[Records for the task — start]
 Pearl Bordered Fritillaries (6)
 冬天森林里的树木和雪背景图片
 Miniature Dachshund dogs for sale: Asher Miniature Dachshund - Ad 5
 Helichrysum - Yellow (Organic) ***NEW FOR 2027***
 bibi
[Records for the task — finish]
Assignment:
Every record above is to be copied out exactly.

Response box:
 Pearl Bordered Fritillaries (6)
 冬天森林里的树木和雪背景图片
 Miniature Dachshund dogs for sale: Asher Miniature Dachshund - Ad 5
 Helichrysum - Yellow (Organic) ***NEW FOR 2027***
 bibi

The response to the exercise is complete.